# Lessons learned on trestle work



## Steve Stockham (Jan 2, 2008)

I had a bunch of extra material and some time on my hand so I decided to start building trestle bents in preparation for a rather large trestle which I will hopefully use as a focal point for my railroad's next expansion (I'm actually thinking about doing a "high-line!") In order to more easily construct the trestle, I am building it in 4 ft. sections for final assembly later. I love building the sections! I love cutting and assembling the various components. I _don't_ like staining and sealing the sections however!

I suppose I really only have myself to blame. I mean, really, here I was trying to save myself some time and effort by using this "wonderful" all-in one combination stain and polyeurethane sealant! All it took was three days to use a brush and paint three coats. No, they weren't very _even_ coats as the stain was thick and tended to run and "puddle." In fact, I hated staining the bloody thing!! The good news was that it looked pretty good when I was done and I'll never know if my sense of contentment came more from pride in a job well done or that it_ was_ just done!! This brings us to the latest section and a lesson learned which I thought I would selflessly share with everyone.

I had tried sprayers but the stain was too thick. I had a professional sprayer but I lost more stain than I would have used and the running and dripping problem would still be there so sprayers were out......or were they? Did I really have to do the all-in-one stain or did I "outsmart" myself? Why not just use a stain and after it dries _then_ use the polyeurethane sealant? Also, what about a different kind of sprayer? Perhaps I could use a spray bottle...

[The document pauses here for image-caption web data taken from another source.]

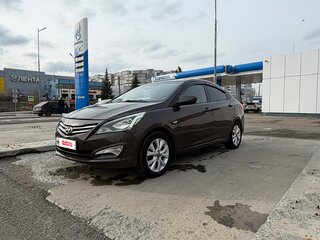 2015 Hyundai Solaris I Рестайлинг, коричневый, 580000 рублей, вид 1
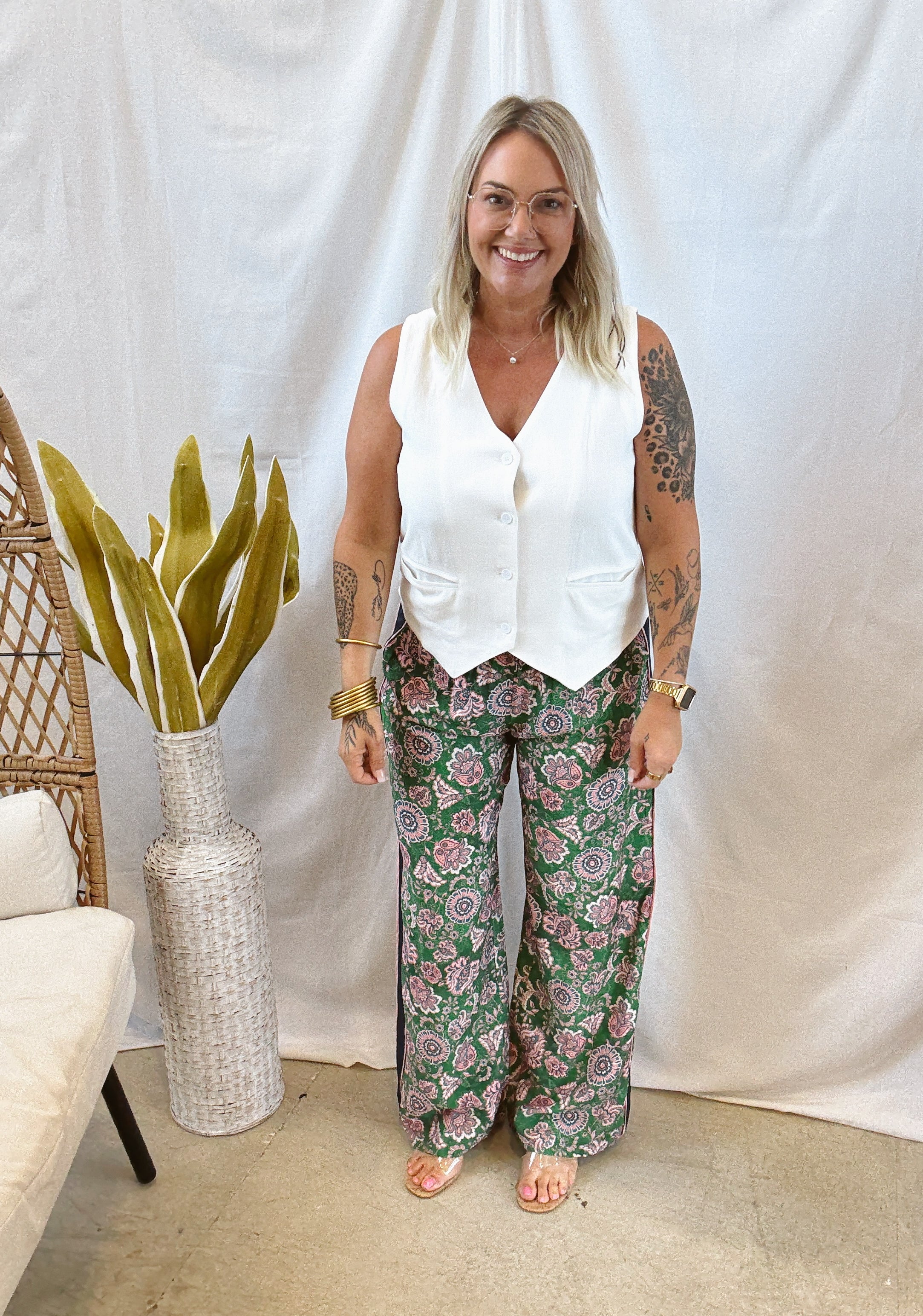 Green with Floral Pants-Final Sale-Pants-entro-The Silo Boutique, Women's Fashion Boutique Located in Warren and Grand Forks North Dakota
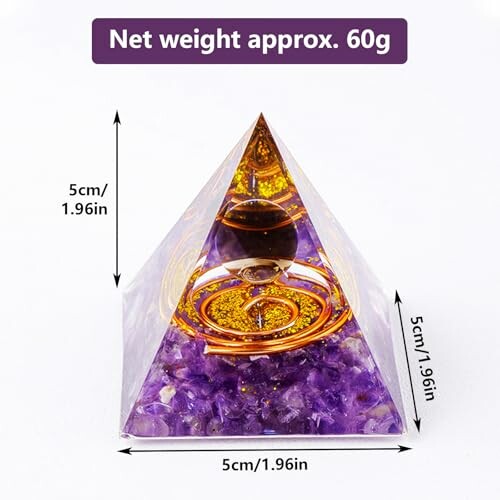 Pyramid av orgonit med ametist och gyllene detaljer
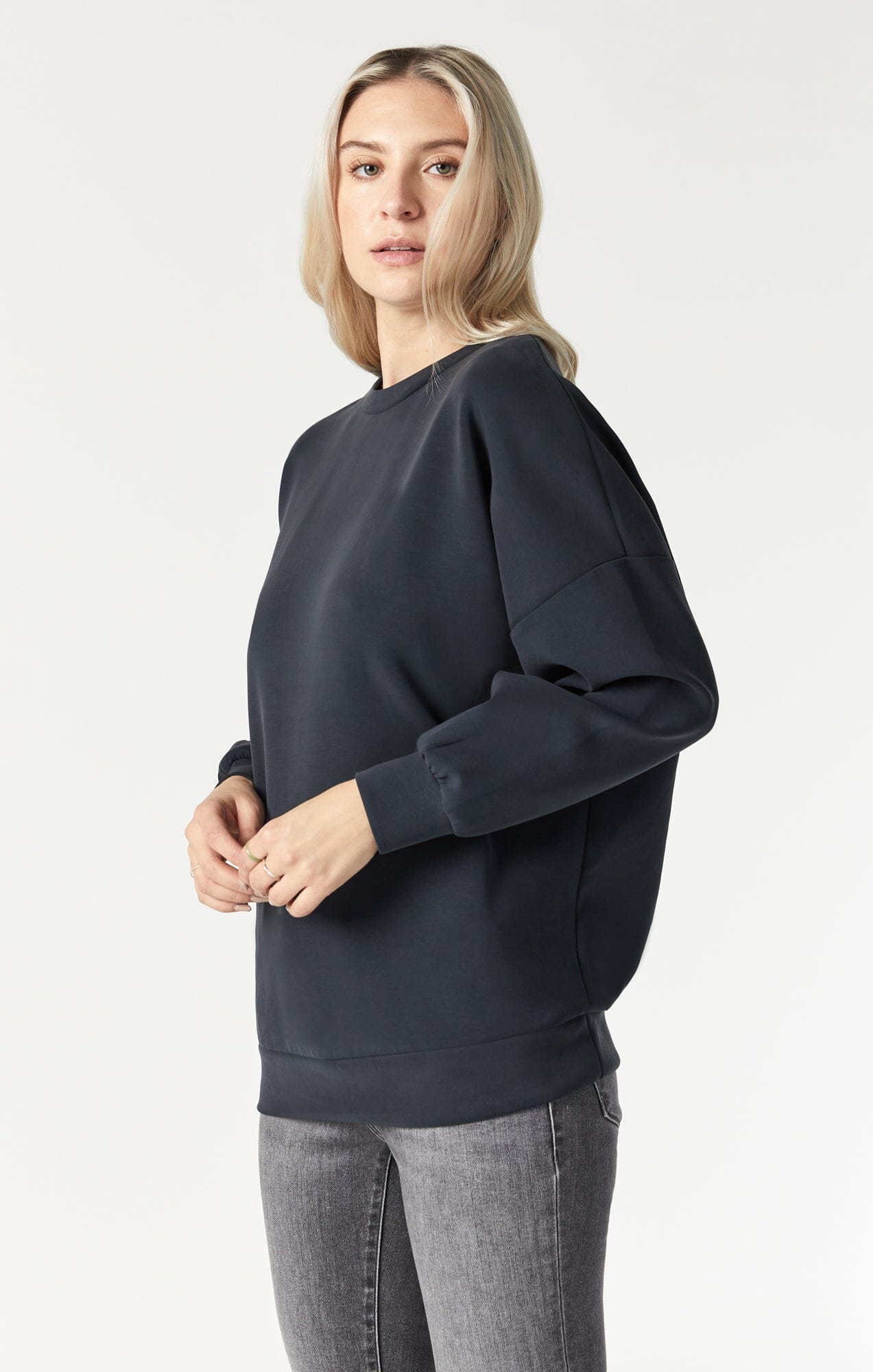 LUXE TOUCH TENCEL™ SWEATSHIRT IN BLACK - Mavi Jeans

I found an old Windex bottle and used the Minwax stain without the polyeurethane mixed in. It was thin enough to spray on and the stain went on evenly and didn't run or streak! The bottle didn't leak all over my hand and I had virtually no overspray! Clean up was a snap and the new section looks better than the earlier ones! Oh yes, the elapsed time? _10 minutes!_ It's so easy and quick and it comes out looking better too!! The process was so painless that I now have no qualms about staining any more! I just thought I'd share my little discovery and lesson learned!


----------



## RimfireJim (Mar 25, 2009)

The polyurethane won't hold up very long outdoors. It's not an exterior finish, and will start flaking off after about a year or so. Even marine spar varnish lasts only a few years, depending on harshness of environment, and has to be sanded down and reapplied - not practical for a trestle. A finish formulated for decks and such would be a better choice.


----------



## bob7094 (Jan 3, 2008)

For my trestle I used Minwax stain+poly on eastern cedar bents. I put on latex gloves and applied the Minwax liberally with paper towels. For cleanup just throw the towels and gloves in the trash. Even the ends in ground contact have held up pretty well after more than five years.


----------



## Steve Stockham (Jan 2, 2008)

The polyeurethane is nothing more than a clear satin automotive paint I'm using for a sealer. So far, flaking has been minimal. The top coat of Thompson's water seal might have something to do with that. Well, we'll see! I appreciate the input though!


----------



## Treeman (Jan 6, 2008)

The ones that I have built were short enough that I could dip them in an aluminum turkey pan.


----------



## fsfazekas (Feb 19, 2008)

Steve, 

Thanks for the idea of using a Windex bottle as sprayer. One of those things that's so obvious is NEEDS to be said. Saving this for later...


----------